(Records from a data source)
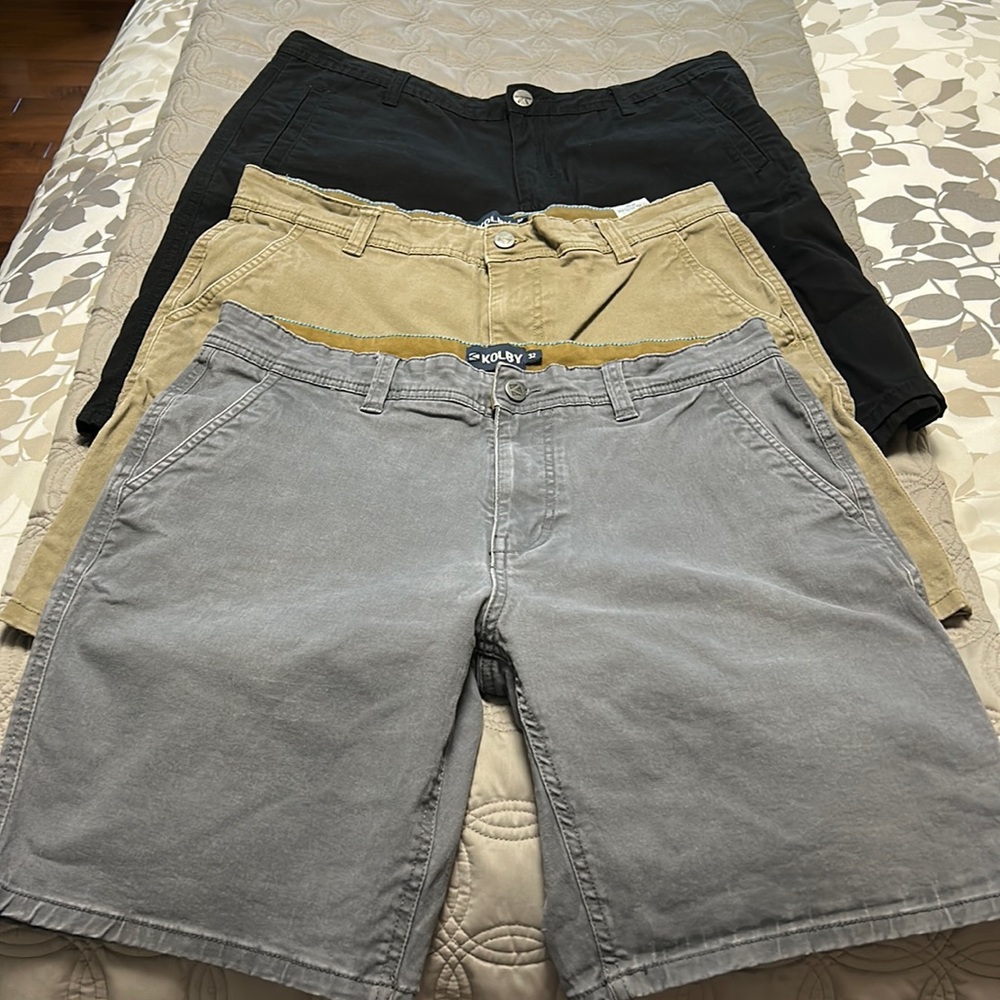 Kolby mens shorts all 3 for the price.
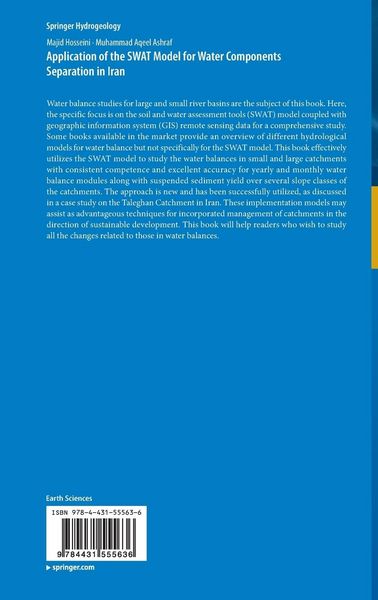 Produktbild: Application of the SWAT Model for Water Components Separation in Iran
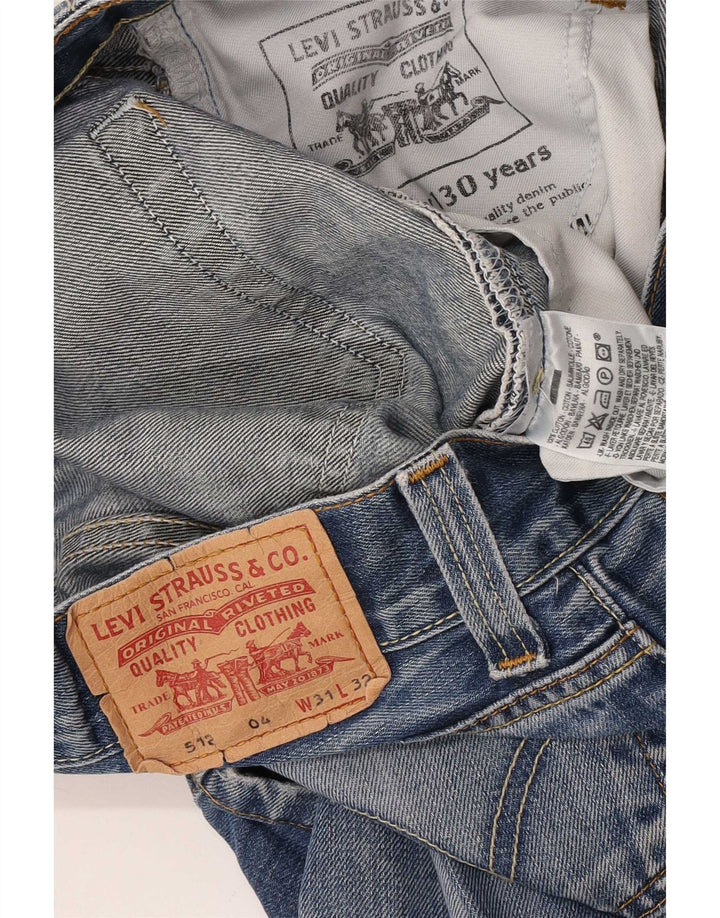 Levi's Hombre 512 Vaqueros Bootcut W31 L28 Algodón Azul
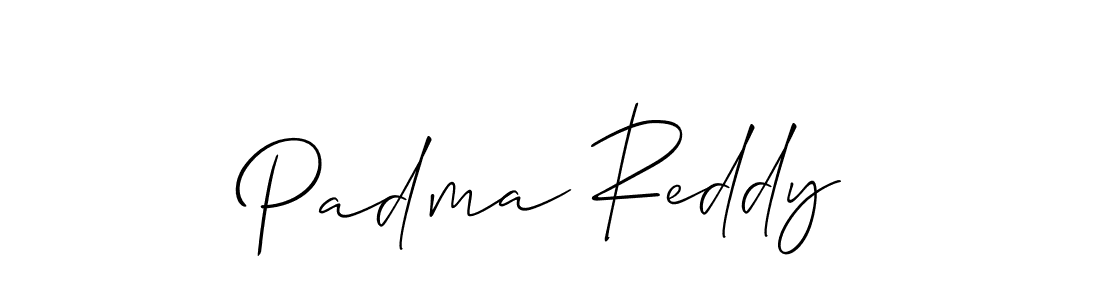 It looks lik you need a new signature style for name Padma Reddy. Design unique handwritten (Allison_Script) signature with our free signature maker in just a few clicks. Padma Reddy signature style 2 images and pictures png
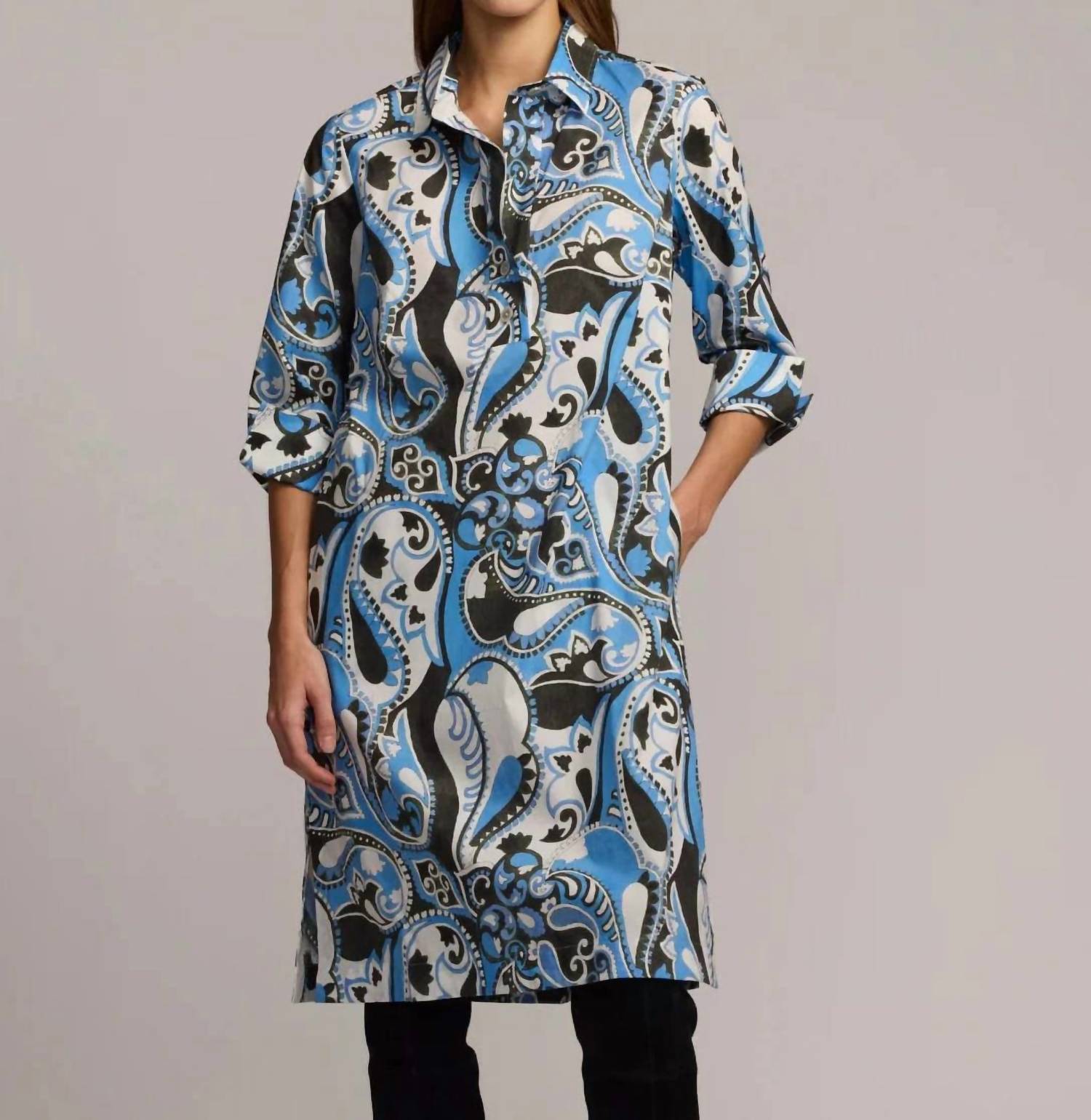 Hinson Wu - 3/4 Sleeve Charlotte Dress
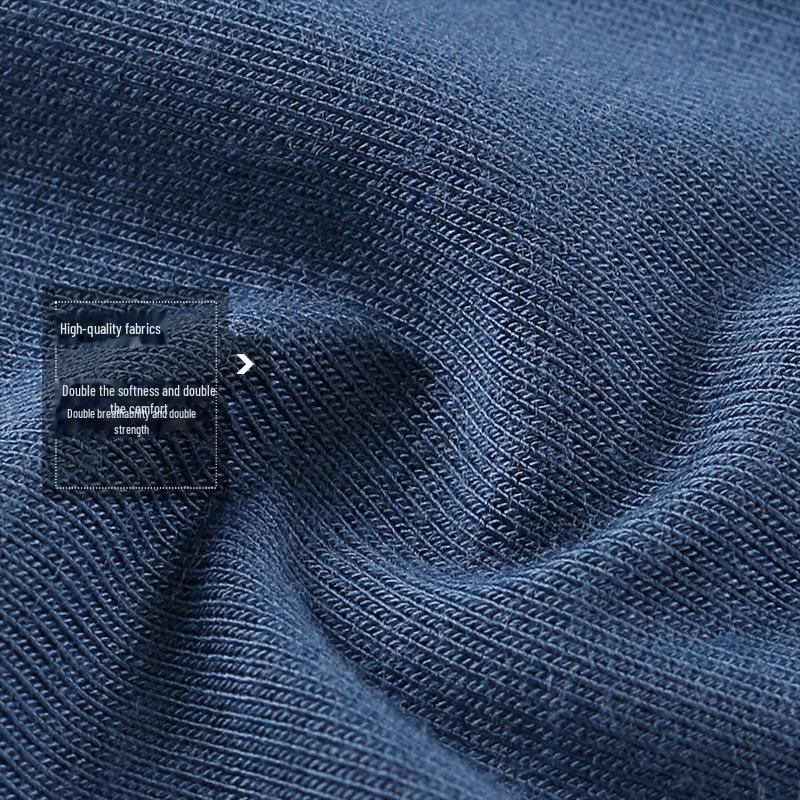 Мужские облегающие термолеггинсы из хлопка и шерсти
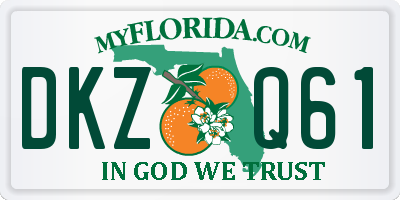 FL license plate DKZQ61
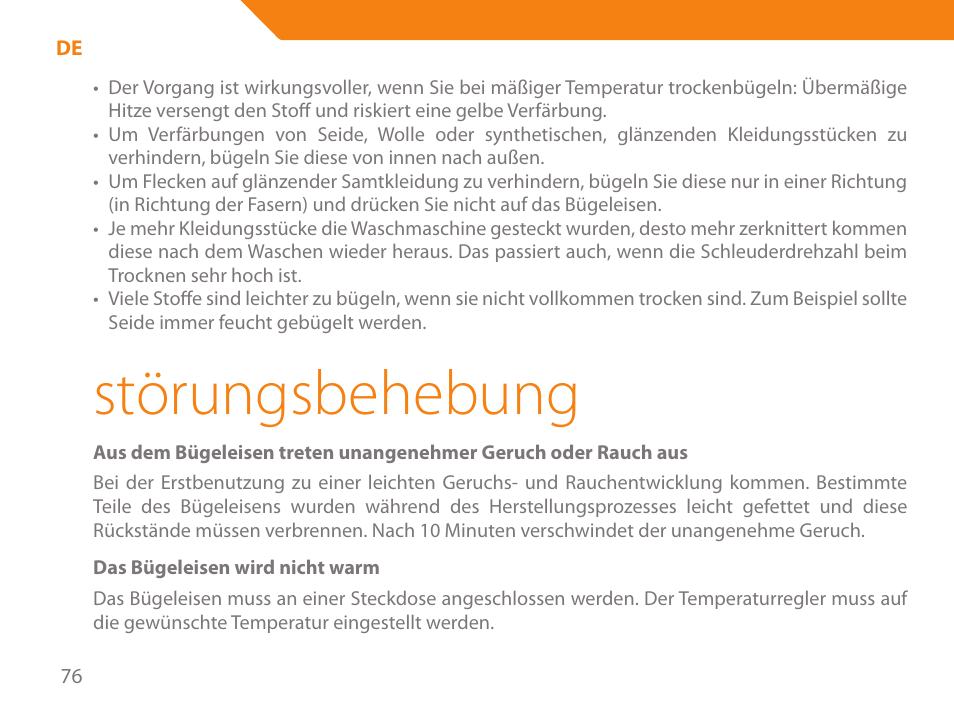 Störungsbehebung | Acme IA-200 User Manual | Page 76 / 152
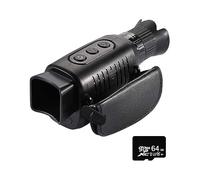 HD Infrared Night Vision Device Zoom Digital Monocular Telescope Outdoor Camera With Day& Night Dual Use For Hunting(R7 with 64GB card)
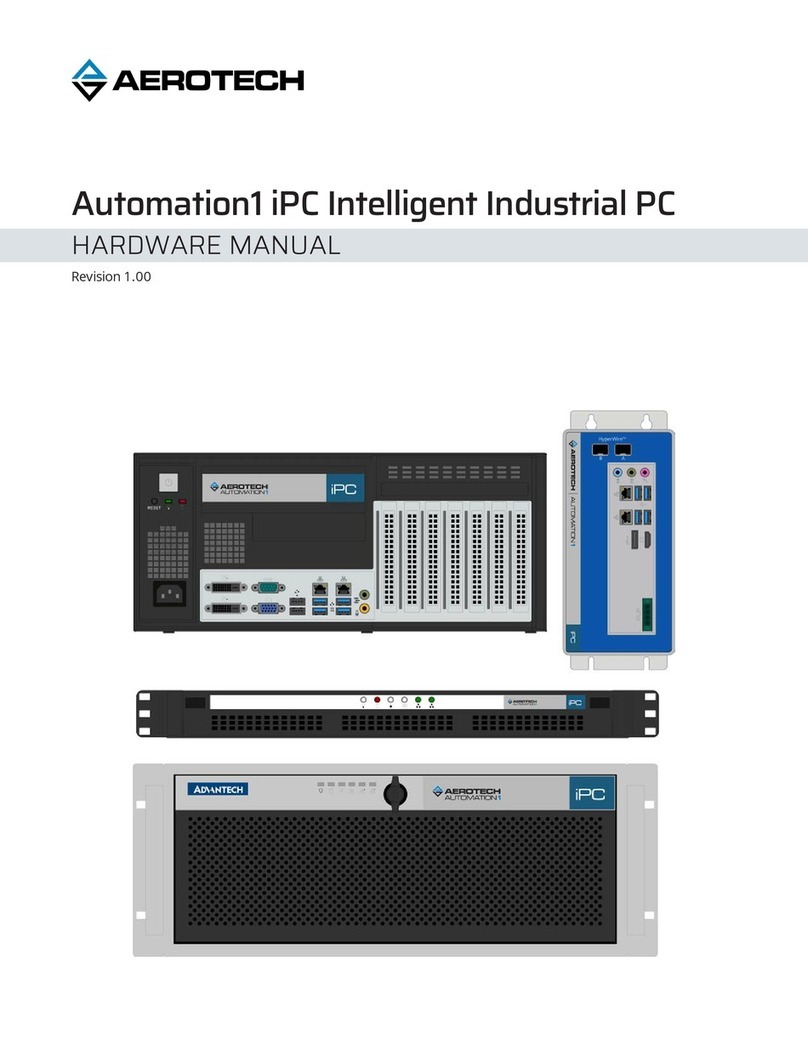 Aerotech Automation1 iPC Series Hardware manual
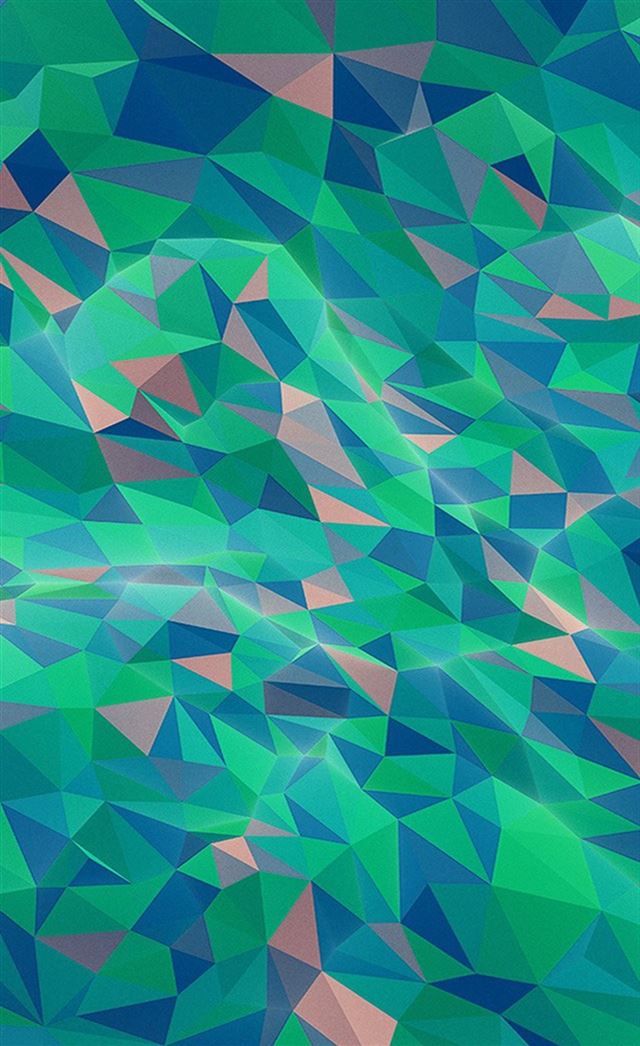 744x1216 Abstract poly art pattern green - pattern iPhone 4s Wallpaper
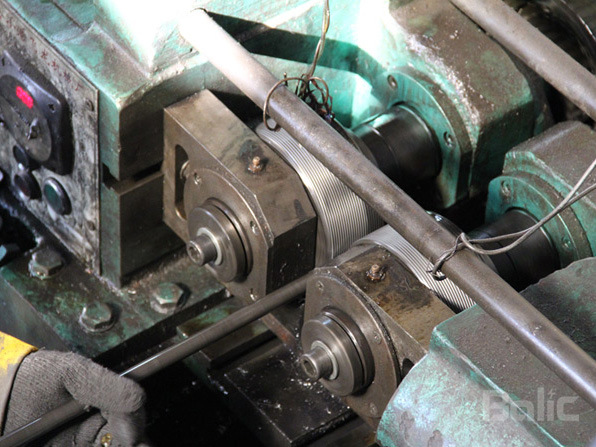 Grounding screw rolling process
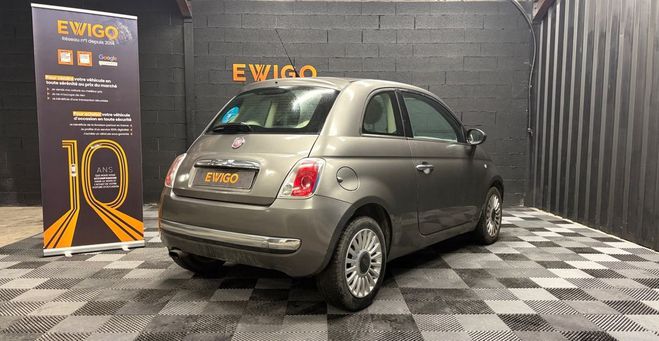 Fiat 500 0.9 twinair 85 start-stop lounge toit pa Gris de 2011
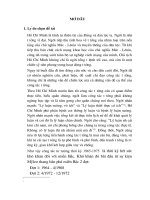 TIỂU LUẬN CAO HỌC : Công tác tư tưởng của đảng trong thời kỳ 1965 1975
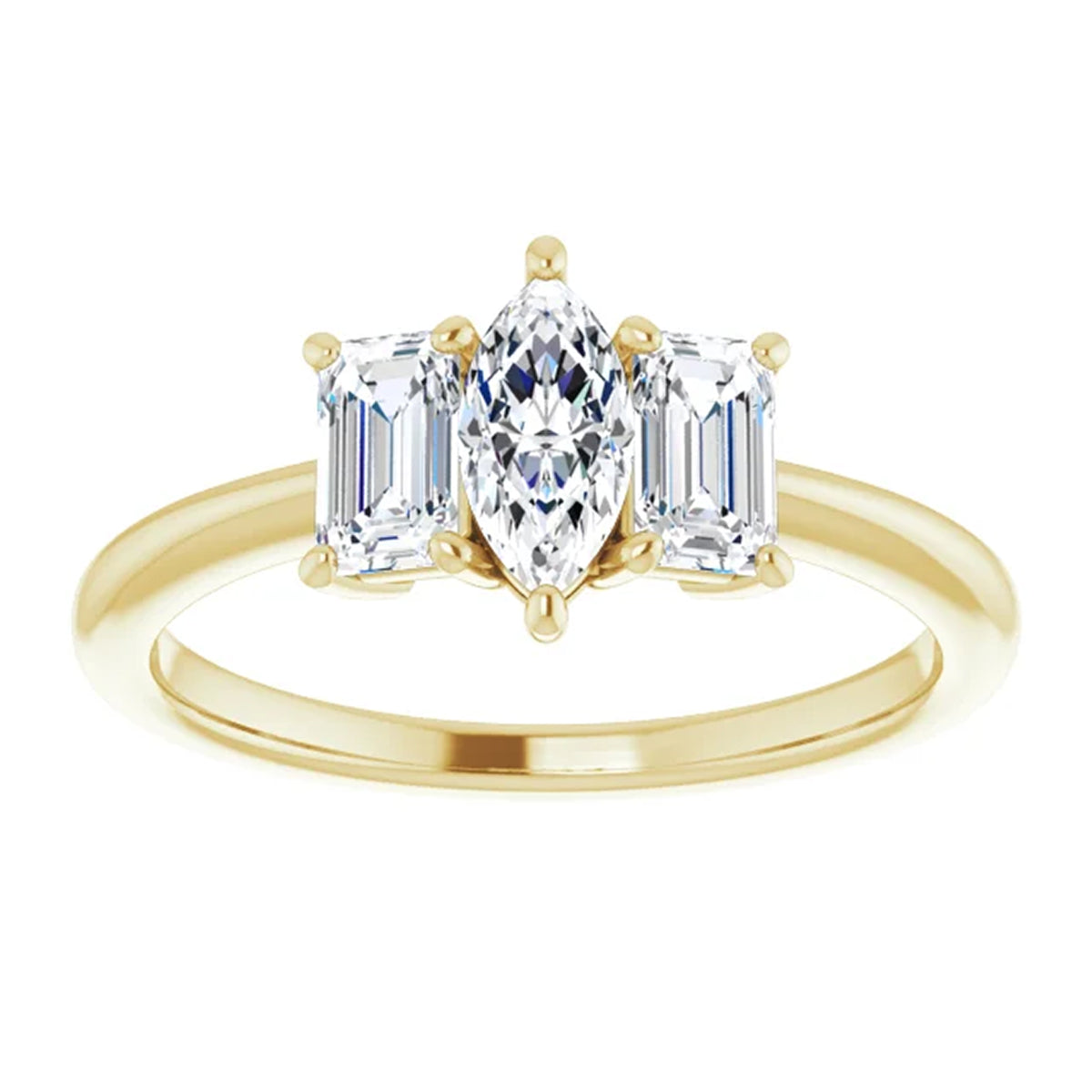 14K Yellow Gold - 2.35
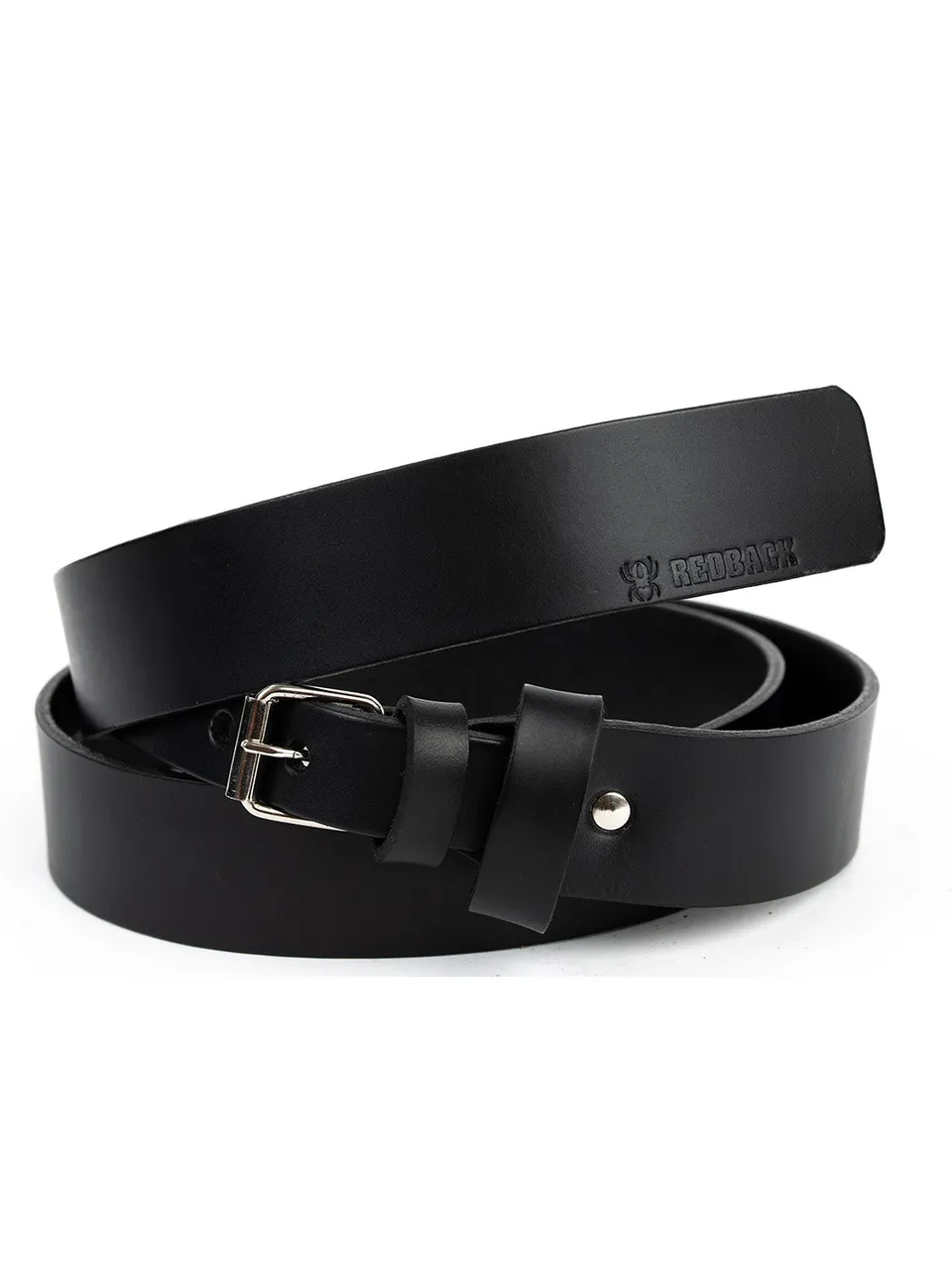 Redback Mechanic Belt cintura pelle nero taglia 30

INSTRUCTIONS FOR THE TASK:
Because the pictures are not wanted, retype only the text of every record, exactly as given.

OUTPUT OF THE TASK:
 Kolby mens shorts all 3 for the price.
 Produktbild: Application of the SWAT Model for Water Components Separation in Iran
 Levi's Hombre 512 Vaqueros Bootcut W31 L28 Algodón Azul
 It looks lik you need a new signature style for name Padma Reddy. Design unique handwritten (Allison_Script) signature with our free signature maker in just a few clicks. Padma Reddy signature style 2 images and pictures png
 Hinson Wu - 3/4 Sleeve Charlotte Dress
 Мужские облегающие термолеггинсы из хлопка и шерсти
 FL license plate DKZQ61
 Störungsbehebung | Acme IA-200 User Manual | Page 76 / 152
 HD Infrared Night Vision Device Zoom Digital Monocular Telescope Outdoor Camera With Day& Night Dual Use For Hunting(R7 with 64GB card)
 Aerotech Automation1 iPC Series Hardware manual
 744x1216 Abstract poly art pattern green - pattern iPhone 4s Wallpaper
 Grounding screw rolling process
 Fiat 500 0.9 twinair 85 start-stop lounge toit pa Gris de 2011
 TIỂU LUẬN CAO HỌC : Công tác tư tưởng của đảng trong thời kỳ 1965 1975
 14K Yellow Gold - 2.35
 Redback Mechanic Belt cintura pelle nero taglia 30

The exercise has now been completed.